Speaking to Vantage today Mika Sovak, Astra’s vice-president of immuno-oncology, stressed that the TMB analysis would need to be confirmed in a future trial. Handily, such a trial is already well under way: Neptune was earlier upsized to give “flexibility” to look at TMB (Tumour mutational burden, and other tricks up Astra’s Imfinzi sleeve, May 18, 2018).
Ms Sovak confirmed that Astra was still considering such a course of action with Neptune, and would decide after analysing the Mystic data further.
Exploratory analyses of Mystic in subjects assessable for TMB (~783 of 1,118 total enrolled) | ||||||
---|---|---|---|---|---|---|
Population | N | Measure | Imfi+treme combo | Imfi monother | Chemo | Note |
TMB high* | ~313 | OS | 16.5mth | 11.0mth | 10.5mth | HR=0.64 for the combo |
TMB low** | ~470 | OS | 8.5mth | 12.2mth | 11.6mth | No effect on OS |
Note: *defined as ≥16mut/Mb; **<16mut/Mb. |
An obvious question about Mystic is why such a strong OS benefit should have been seen among TMB-high subjects.
One problem with TMB status is that it tends not to correlate with survival, and indeed Bristol’s latest analysis of Checkmate-227 revealed no OS difference between TMB-high and TMB-low groups. On this point, Ms Sovak stressed that Mystic represented the “most comprehensive TMB dataset that exists in NSCLC”, as defined by percentage of subjects with available blood TMB data from a single study.
Another paradox is that the numerical OS benefit in TMB-high subjects favours the combo, while in PD-L1-highs Imfinzi monotherapy did best. TMB status and PD-L1 expression tend to identify non-overlapping patient populations, however. An analysis of TMB-high patients who were PD-L1-negative has yet to be carried out.
And the sharp-eyed will have noticed that Astra used a different boundary for defining high TMB: 16 mutations per megabase, rather than the 10mut/Mb used by Bristol. This had been prespecified for the Guardant Health blood assay Astra used, said Ms Sovak; Bristol had used Foundation Medicine’s tissue-based test.
Still, if TMB is indeed a valid biomarker it is not clear why doctors would carry out such a test for patients who could right now receive Keytruda plus chemo with no need to test at all. And ≥1% PD-L1 expressers could soon have the option of chemo-free Keytruda monotherapy.
Dr Jack West, from the Swedish Cancer Institute, told Vantage that, while interest in TMB was building, the latest Mystic results were no better than Keynote plus chemo, adding that the data were not sufficiently superior "to warrant much interest in changing the treatment landscape in first-line advanced NSCLC".
Ms Sovak said getting a blood sample was much easier than doing a tissue biopsy, but accepted that the whole point of a biomarker was to identify patients who could derive “significant benefits above and beyond what currently exists.

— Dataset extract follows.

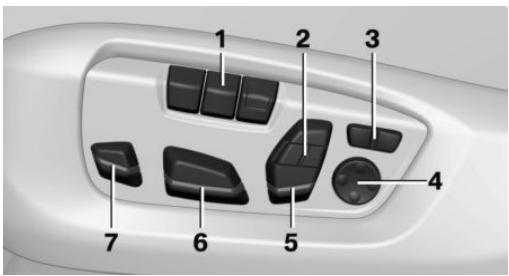 BMW X6M (2014-2018) - Sièges à réglage électrique - 1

We have yet to see whether blood TMB can be that biomarker.”
Primary analysis of Mystic, in ≥25% PD-L1 subjects (488 of 1,118 total enrolled) | ||||
---|---|---|---|---|
Study arm | Primary endpoint | Result vs chemo | Statistics | Stat sig? |
Imfinzi + tremelimumab | PFS | 3.9mth vs 5.4mth | HR=1.05, p=0.705 | No |
Imfinzi + tremelimumab | OS | 11.9mth vs 12.9mth | HR=0.85, p=0.202 | No |
Imfinzi monotherapy | OS | 16.3mth vs 12.9mth | HR=0.76, p=0.036 | No |
This is an updated version of a previous story.